Data:
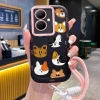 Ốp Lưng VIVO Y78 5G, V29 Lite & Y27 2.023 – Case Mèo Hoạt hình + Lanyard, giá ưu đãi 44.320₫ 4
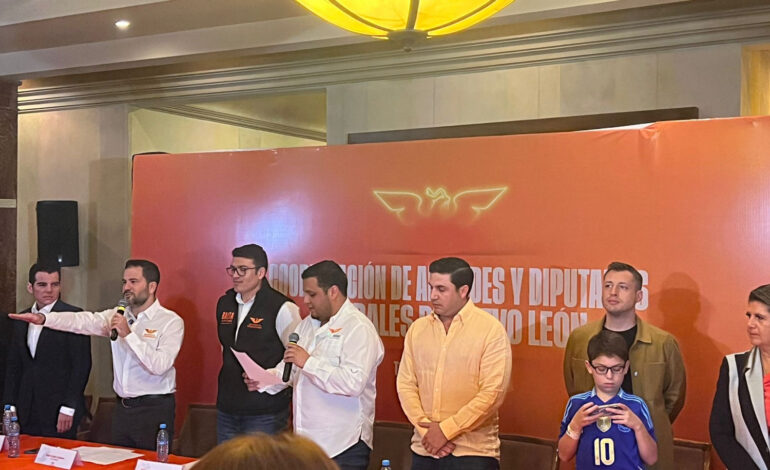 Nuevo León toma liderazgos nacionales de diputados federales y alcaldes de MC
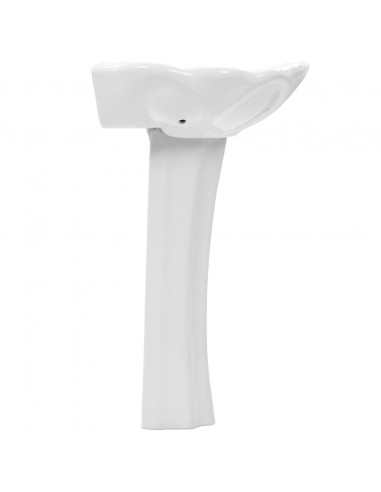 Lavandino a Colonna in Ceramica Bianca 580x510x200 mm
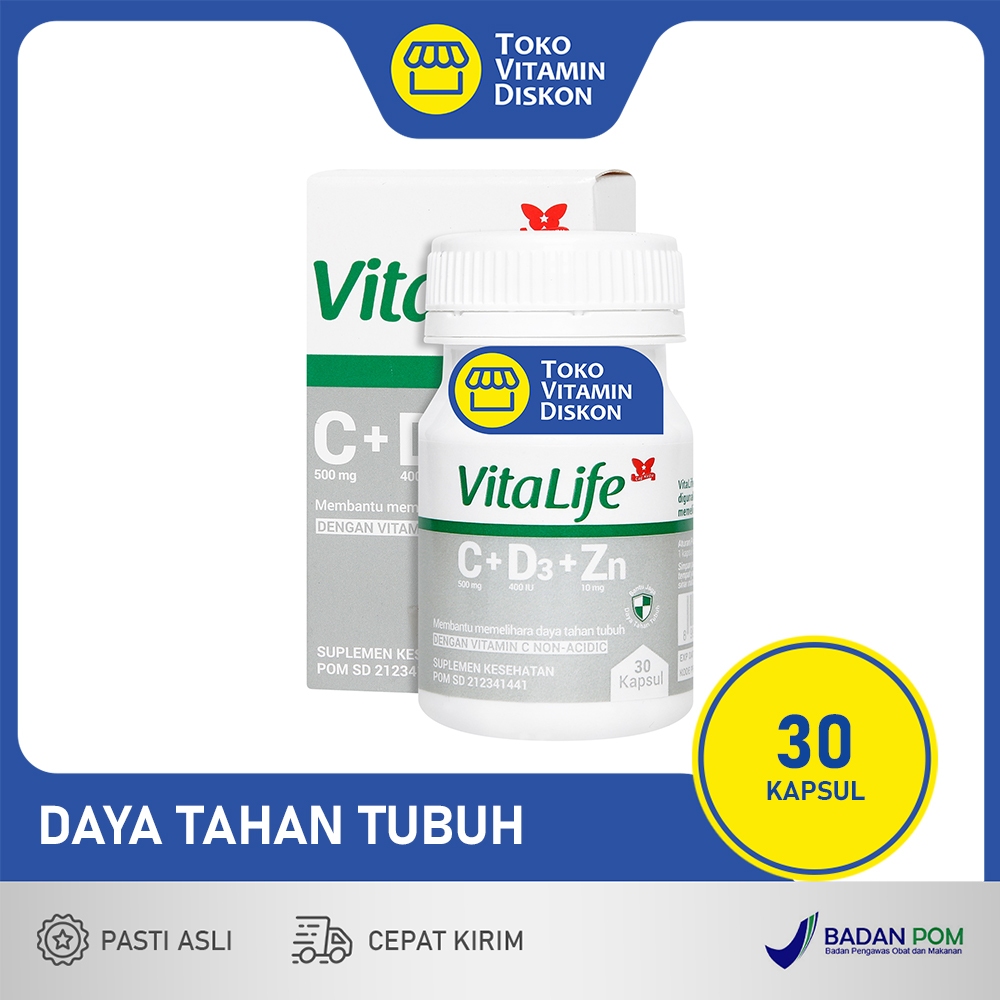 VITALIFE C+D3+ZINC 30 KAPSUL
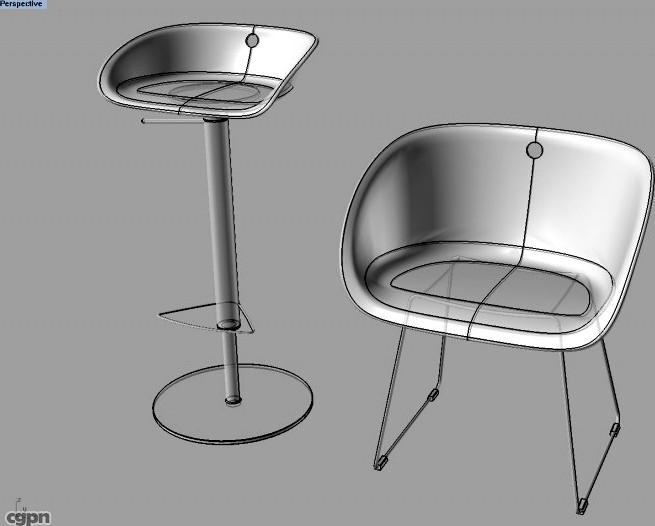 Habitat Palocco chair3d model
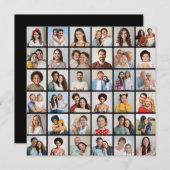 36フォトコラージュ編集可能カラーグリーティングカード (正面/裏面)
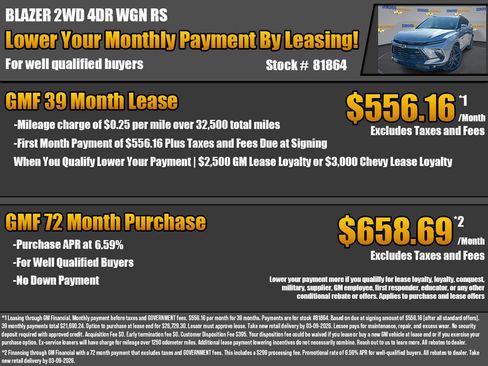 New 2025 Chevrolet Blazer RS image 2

...

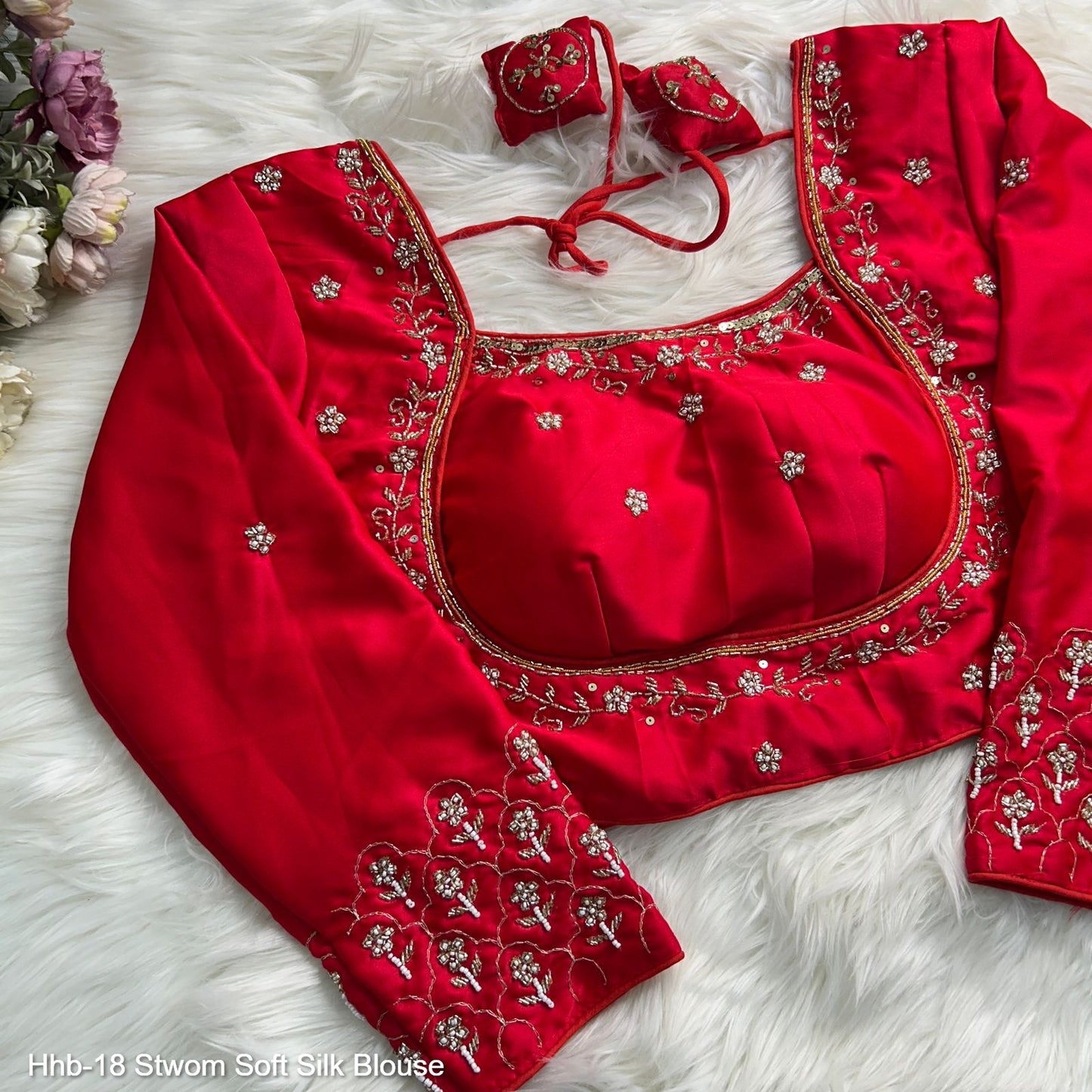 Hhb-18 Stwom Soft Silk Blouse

Brief: Everything above from the line containing "VITALIFE C+D3+ZINC 30 KAPSUL" through the line containing "New 2025 Chevrolet Blazer RS image 2" must be repeated exactly, and the pictures must be left out.

Problem solution:
 VITALIFE C+D3+ZINC 30 KAPSUL
 Habitat Palocco chair3d model
 36フォトコラージュ編集可能カラーグリーティングカード (正面/裏面)
 New 2025 Chevrolet Blazer RS image 2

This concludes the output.